===== STORED DATA =====
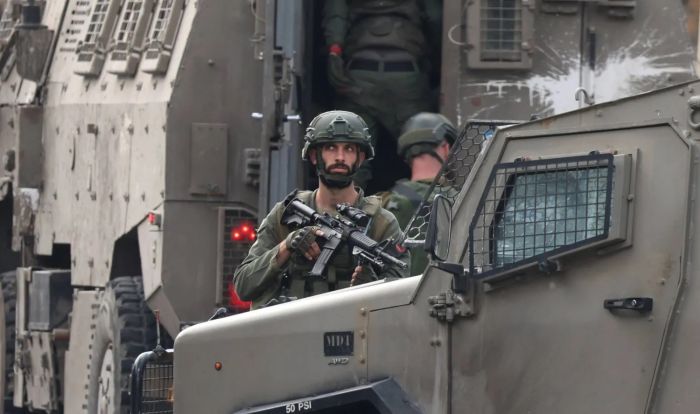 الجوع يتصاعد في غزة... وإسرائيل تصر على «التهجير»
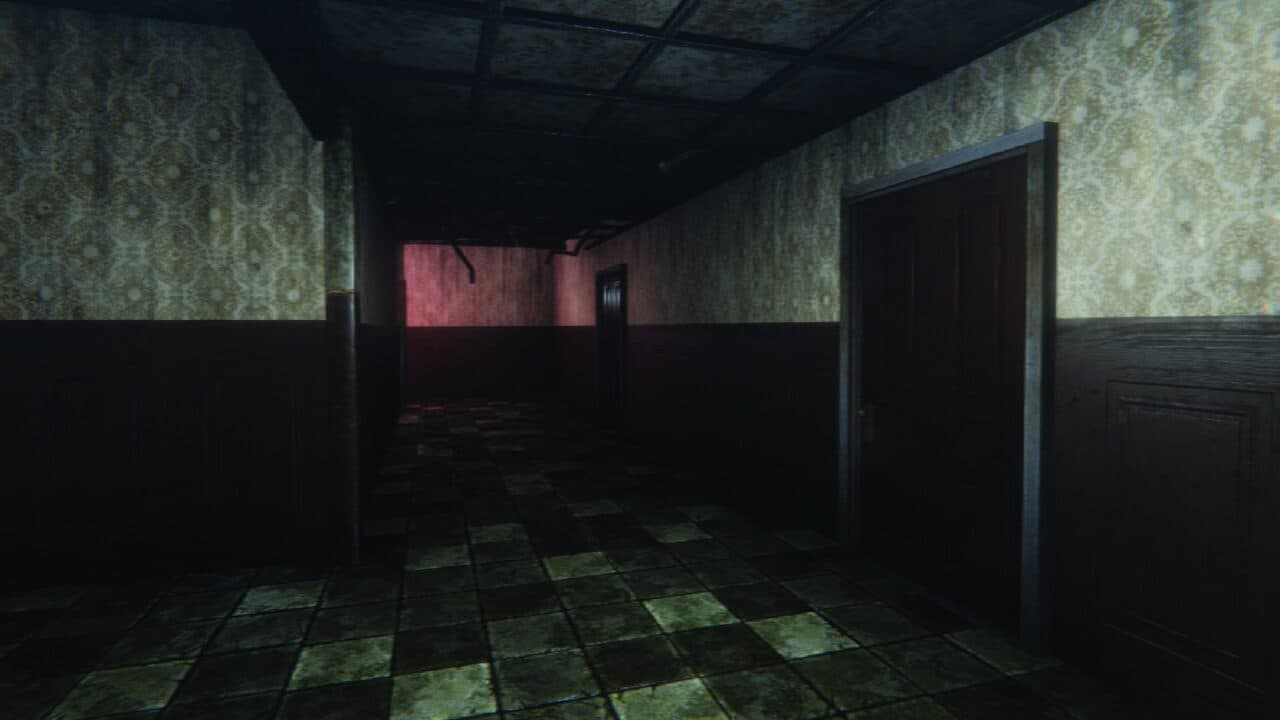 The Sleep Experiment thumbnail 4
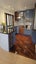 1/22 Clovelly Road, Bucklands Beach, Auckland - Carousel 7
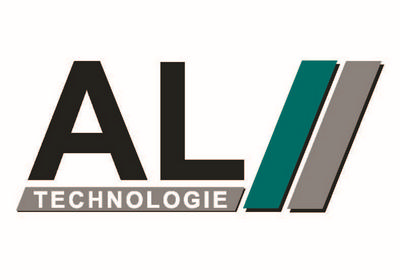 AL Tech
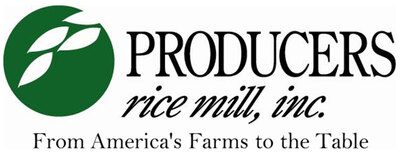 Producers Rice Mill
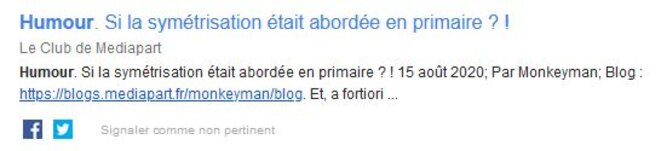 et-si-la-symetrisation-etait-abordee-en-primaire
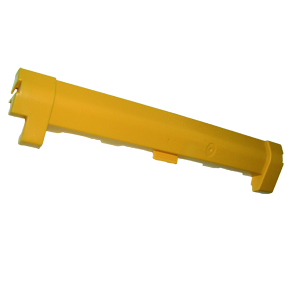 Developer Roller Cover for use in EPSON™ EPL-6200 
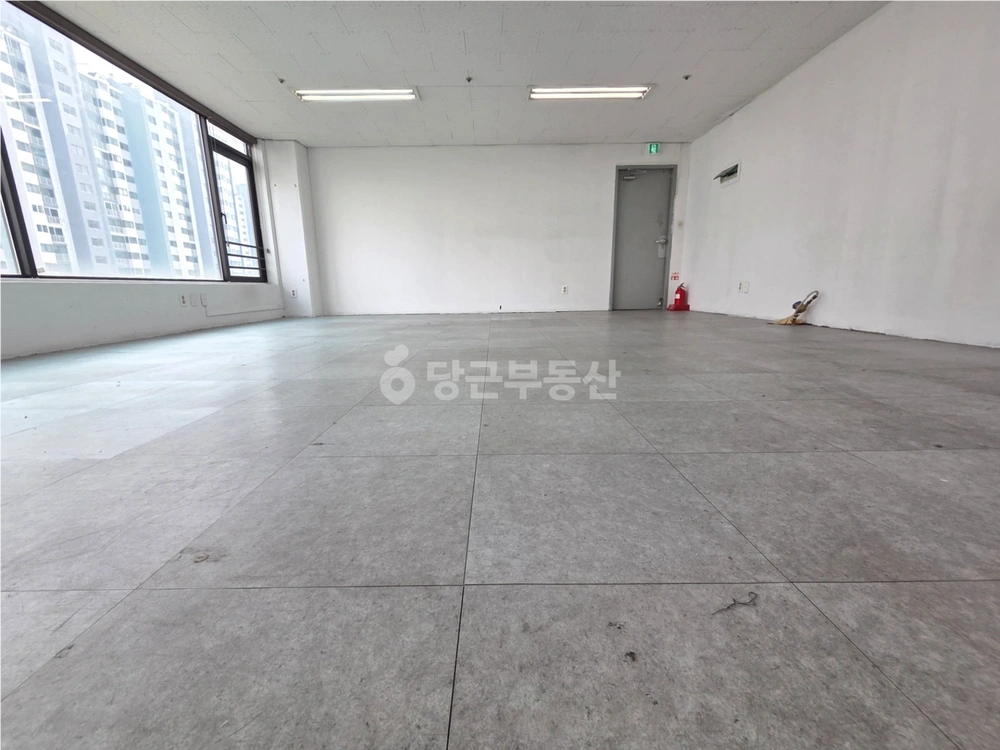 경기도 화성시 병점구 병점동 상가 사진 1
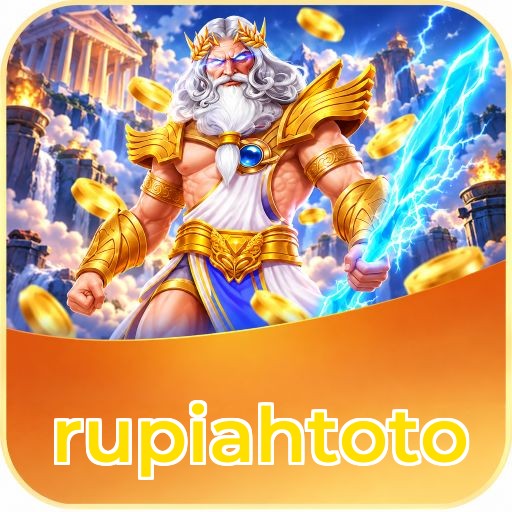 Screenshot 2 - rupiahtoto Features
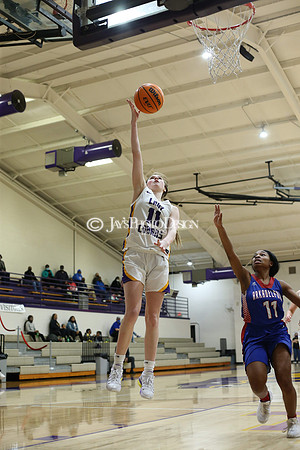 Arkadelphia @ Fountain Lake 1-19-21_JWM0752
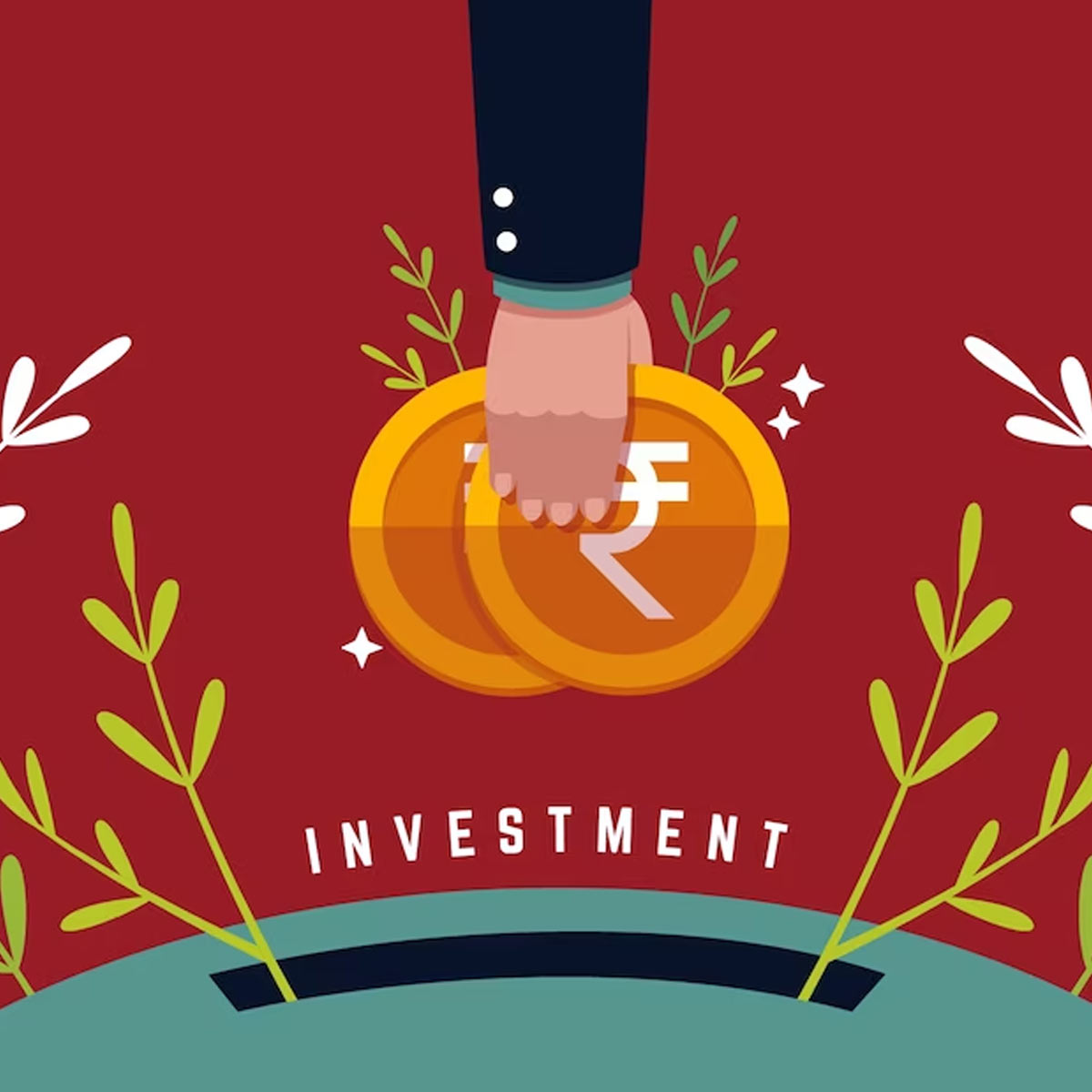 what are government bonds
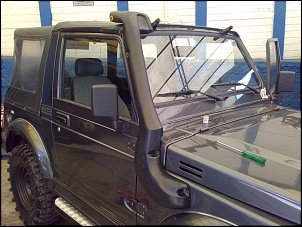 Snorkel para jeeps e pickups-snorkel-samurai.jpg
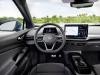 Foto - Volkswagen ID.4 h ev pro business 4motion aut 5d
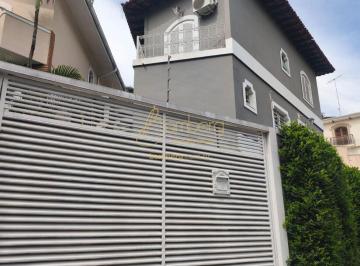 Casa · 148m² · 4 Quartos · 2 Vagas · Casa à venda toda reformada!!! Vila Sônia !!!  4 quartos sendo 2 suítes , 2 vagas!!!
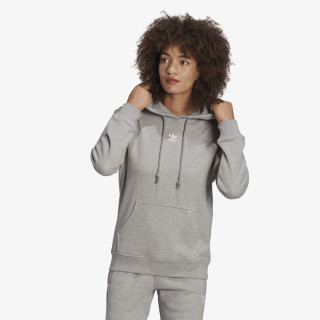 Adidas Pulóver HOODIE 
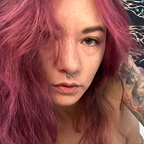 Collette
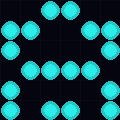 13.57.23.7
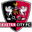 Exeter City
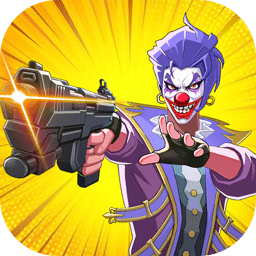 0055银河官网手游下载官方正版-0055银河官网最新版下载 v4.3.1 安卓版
=====
### [YOUR GOAL]
Reproduce all of the material above word for word. Omit the pictures.

### [WRITTEN RESPONSE]
 الجوع يتصاعد في غزة... وإسرائيل تصر على «التهجير»
 The Sleep Experiment thumbnail 4
 1/22 Clovelly Road, Bucklands Beach, Auckland - Carousel 7
 AL Tech
 Producers Rice Mill
 et-si-la-symetrisation-etait-abordee-en-primaire
 Developer Roller Cover for use in EPSON™ EPL-6200 
 경기도 화성시 병점구 병점동 상가 사진 1
 Screenshot 2 - rupiahtoto Features
 Arkadelphia @ Fountain Lake 1-19-21_JWM0752
 what are government bonds
 Snorkel para jeeps e pickups-snorkel-samurai.jpg
 Foto - Volkswagen ID.4 h ev pro business 4motion aut 5d
 Casa · 148m² · 4 Quartos · 2 Vagas · Casa à venda toda reformada!!! Vila Sônia !!!  4 quartos sendo 2 suítes , 2 vagas!!!
 Adidas Pulóver HOODIE 
 Collette
 13.57.23.7
 Exeter City
 0055银河官网手游下载官方正版-0055银河官网最新版下载 v4.3.1 安卓版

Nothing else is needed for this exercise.